Zukunft des Tempelhofer Felds: Unverbindlich über Häuser reden

Beim Start der Dialogwerkstätten über die Zukunft des Tempelhofer Felds zweifeln selbst Teilnehmende am Sinn und Zweck der Veranstaltung.

Bausenator Christian Gabler auf dem Gebäude des Flughafens Tempelhof

Baumeister im Glück: SPD-Senator Christian Gaebler Anfang September auf dem Dach des Ex-Flughafengebäudes Tempelhof Foto: Bernd von Jutrczenka/dpa

Berlin taz | SPD-Bausenator Christian Gaebler mag noch so häufig von Ergebnisoffenheit sprechen: Kritiker sehen in den von seinem Haus angesetzten Dialogwerkstätten zur Zukunft des Tempelhofer Felds eine bloße Beteiligungssimulation. An diesem Wochenende startete die erste von mehreren Diskussionsrunden mit 275 zufällig ausgelosten Berlinern – passenderweise vor Ort, im Gebäude des Ex-Flughafens.

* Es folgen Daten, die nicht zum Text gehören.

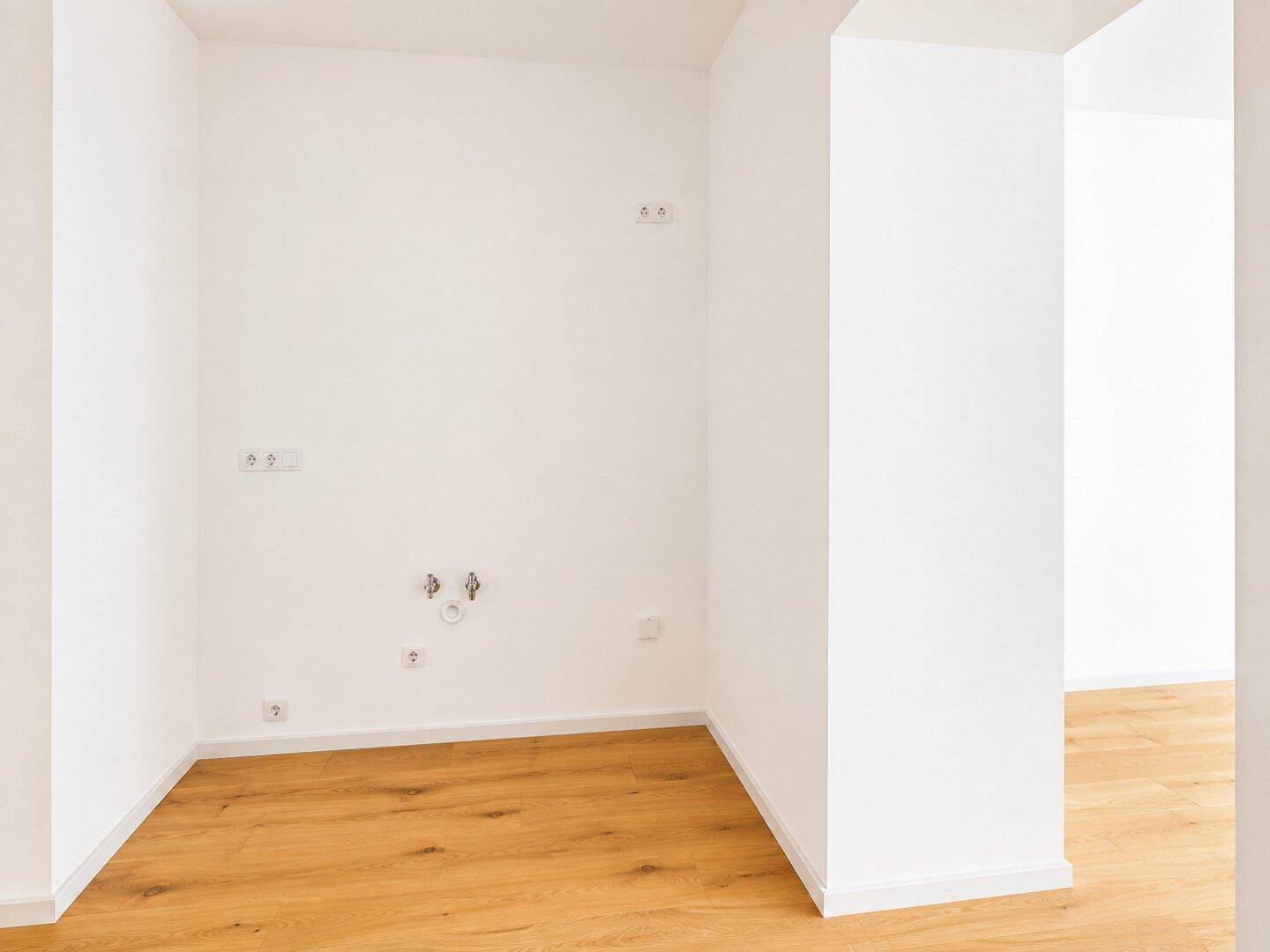 Leerer Küchenbereich mit Anschlüssen für eine zukünftige Einbauküche und Holzboden.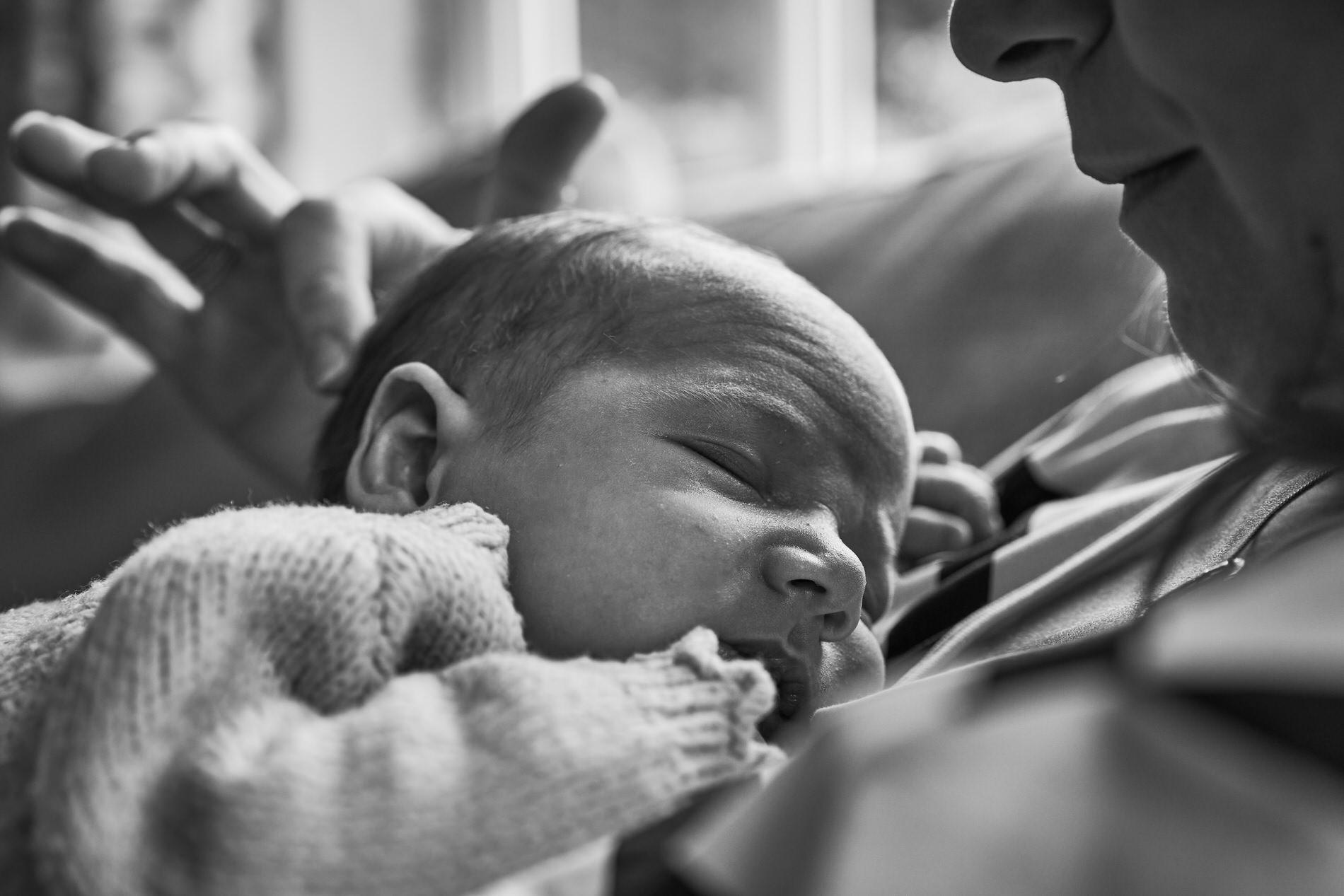 mum gently strokes her babys head as he sleeps on her chest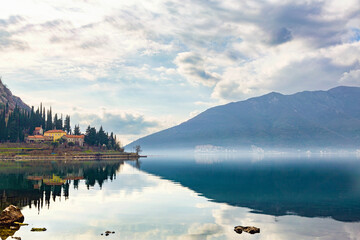 Bay of Kotor (Boka kotorska) on cloudy misty day. Calm water and sky reflected in water surface....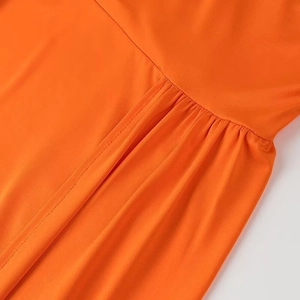 Détail de la taille de la robe orange avec plis élégants et coutures de précision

Die Teilnehmenden sollten sich mit jedem nur erdenkbaren Aspekt rund um das Tempelhofer Feld vertraut machen. Am ersten Tag gab es eine historische Einführung, eine Begehung des Felds, auch Initiativen stellten sich vor. Am Sonntag wurde unter Ausschluss der Presseöffentlichkeit in Gruppen diskutiert, verhandelt und abgewägt.

Rasch stellte sich dabei heraus, dass nicht wenige der Teilnehmenden ihre Zweifel an der kompletten Veranstaltung haben. In ersten kurzen Frage-und-Antwort-Runden ging es munter zu.

Eine Teilnehmerin sagte, sie habe gehört, die sogenannte Bürgerbeteiligung würde 1,3 Millionen Euro kosten, sie sei sich nicht sicher, ob sie das gut fände. Die Abteilungsleiterin für Stadtplanung in der Senatsbauverwaltung, Beate Profé, bestätigte, dass sich der Senat den Prozess tatsächlich einiges kosten lässt. 1,3 Millionen sei eine realistische Zahl.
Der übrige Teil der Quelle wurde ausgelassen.